Your answer must be an exact copy of the data, without any pictures.
━━━━━━━━━━━━━━━━━━━━━━━━━━━━━━
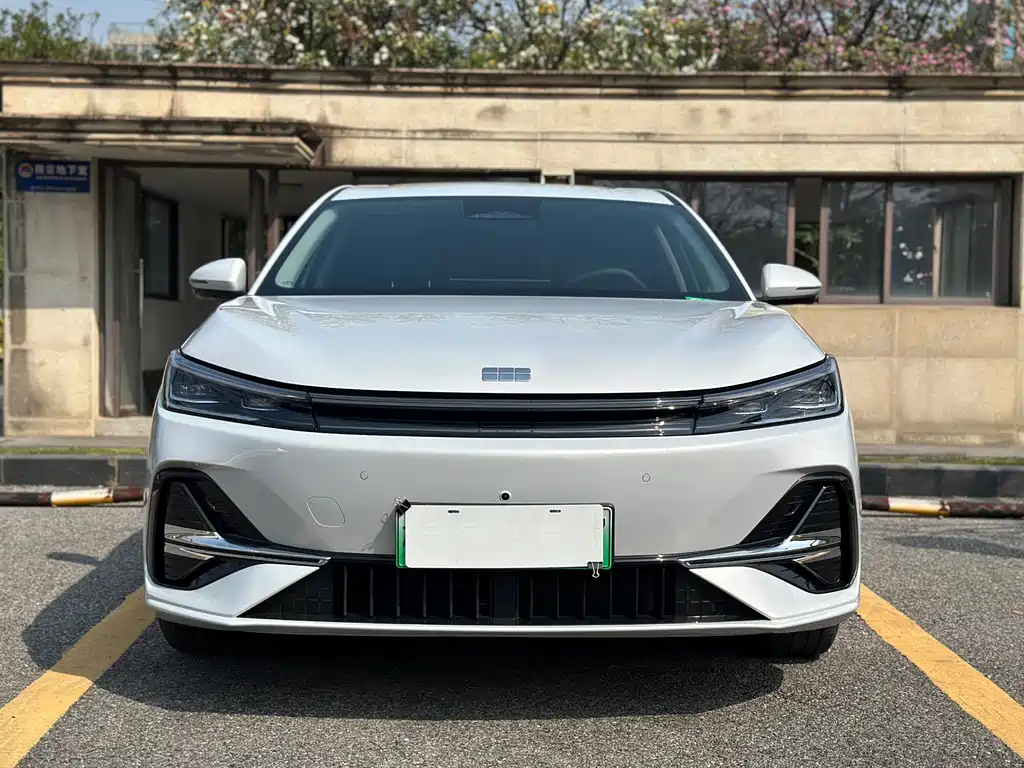 GEELY GALAXY GALAXY A7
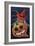 Witch Holding a Pumpkin-Bettmann-Framed Giclee Print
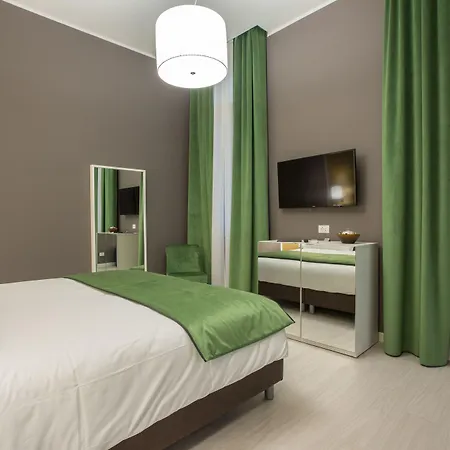 ضيافة كا'براغادين إي كارابا 4* البندقية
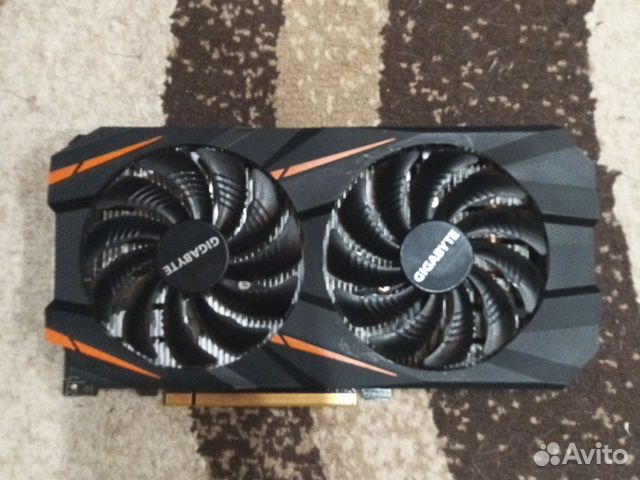 Видеокарта gtx 1060 6gb купить в Похвистнево с доставкой | Электроника ...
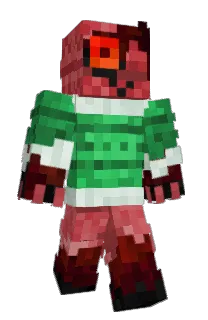 BonniesBand's Minecraft skin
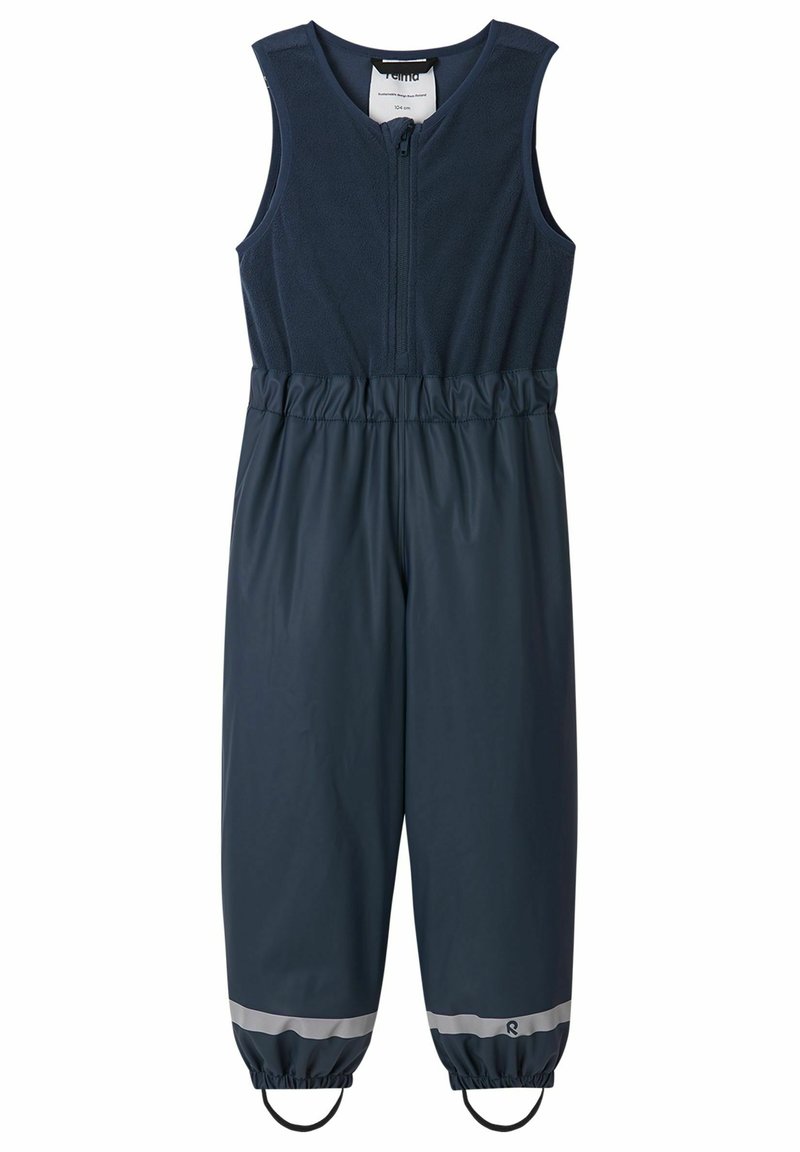 Reima GEFÜTTERTE REGENHOSE LOISKE - Regenanzug - navy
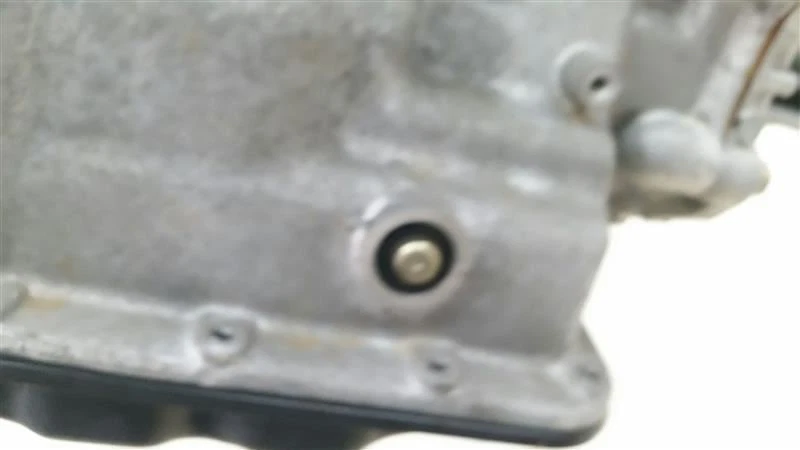 Transmission Assembly Automatic RWD 4.0L 4x2 OEM 2013 2014 Nissan Xterra - Image 4 of 4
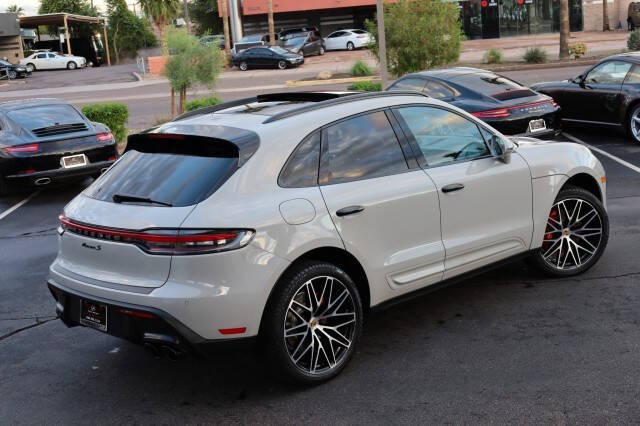 2023 Porsche Macan S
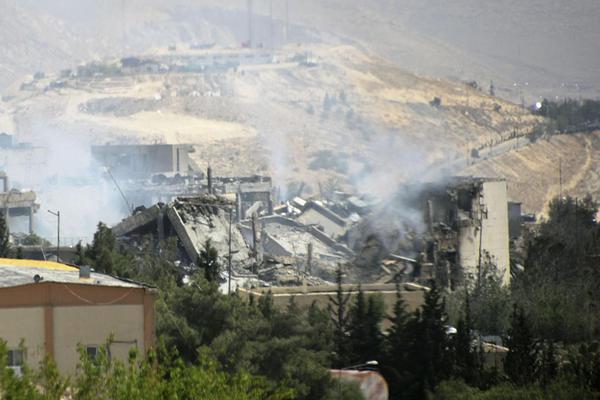 A famous writer gave a lecture at the local library about her creative process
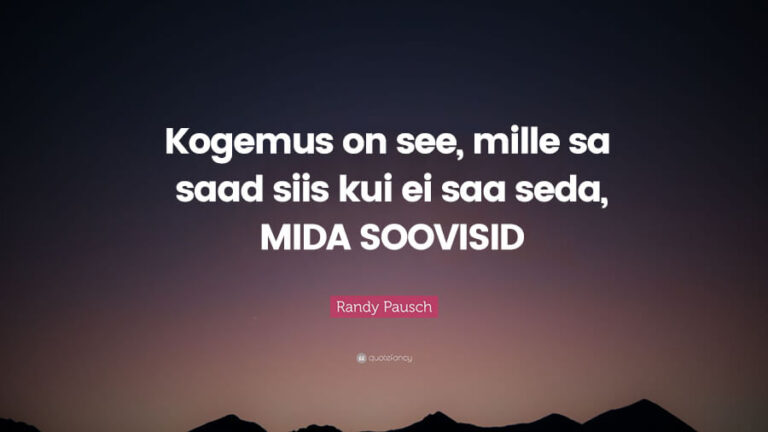 7 head avaliku esinemise nippi, mida kasutama peaksid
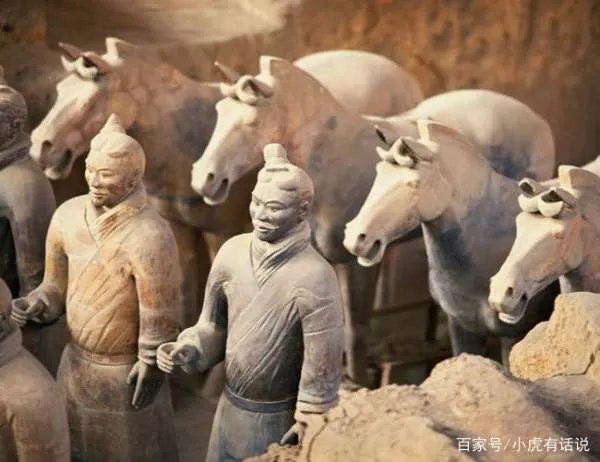 兵马俑都是单眼皮，那中国人的双眼皮基因，是从哪里来的？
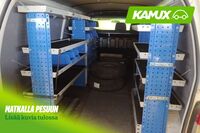 Toyota Hiace vaihtoauto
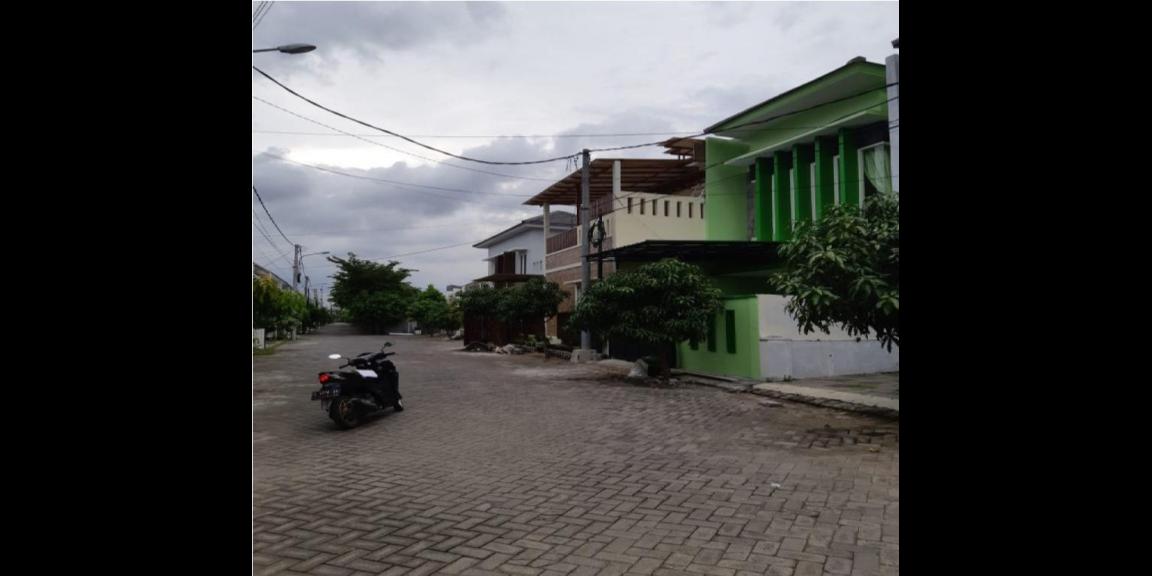 Rumah Murah Kawasan Perumahan Green Semanggi Surabaya Rumah Murah Kawasan Perumahan Green Semanggi Surabaya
━━━━━━━━━━━━━━━━━━━━━━━━━━━━━━
== Solution ==
 GEELY GALAXY GALAXY A7
 Witch Holding a Pumpkin-Bettmann-Framed Giclee Print
 ضيافة كا'براغادين إي كارابا 4* البندقية
 Видеокарта gtx 1060 6gb купить в Похвистнево с доставкой | Электроника ...
 BonniesBand's Minecraft skin
 Reima GEFÜTTERTE REGENHOSE LOISKE - Regenanzug - navy
 Transmission Assembly Automatic RWD 4.0L 4x2 OEM 2013 2014 Nissan Xterra - Image 4 of 4
 2023 Porsche Macan S
 A famous writer gave a lecture at the local library about her creative process
 7 head avaliku esinemise nippi, mida kasutama peaksid
 兵马俑都是单眼皮，那中国人的双眼皮基因，是从哪里来的？
 Toyota Hiace vaihtoauto
 Rumah Murah Kawasan Perumahan Green Semanggi Surabaya Rumah Murah Kawasan Perumahan Green Semanggi Surabaya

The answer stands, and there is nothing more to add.